■ Supplied information
<<<<
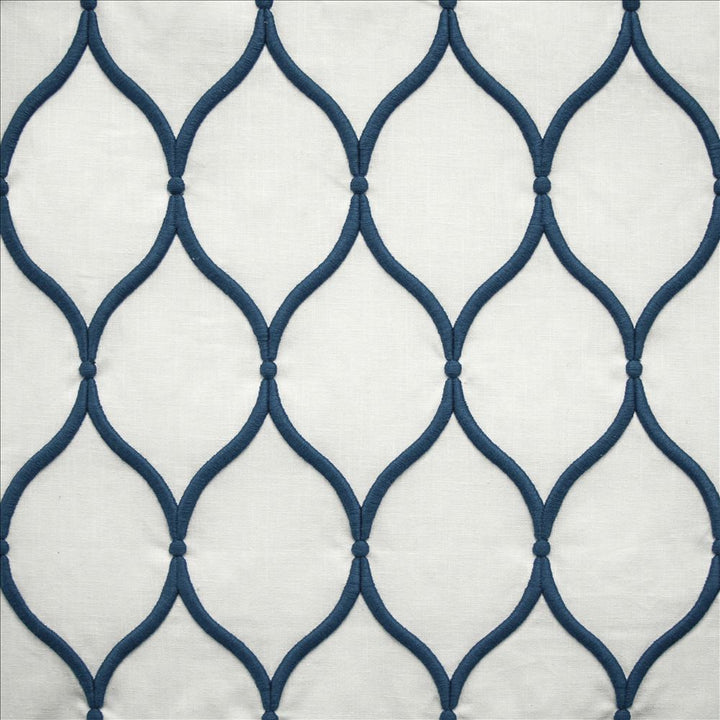 Ashbury Ogee Navy by Kasmir Designer Fabric 1458 55% Cotton
40% Polyester
5% Linen
 INDIA 50,000 Wyzenbeek Double Rubs </p><p>Repeat: Horizontal: 4 inches and Vertical: 7 6/8 inches 52 - Swanky Fabrics -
>>>>
■ Exercise prompt
The material shown above is to be repeated verbatim, and its pictures are to be omitted.

■ Result of this task
 Ashbury Ogee Navy by Kasmir Designer Fabric 1458 55% Cotton
40% Polyester
5% Linen
 INDIA 50,000 Wyzenbeek Double Rubs </p><p>Repeat: Horizontal: 4 inches and Vertical: 7 6/8 inches 52 - Swanky Fabrics -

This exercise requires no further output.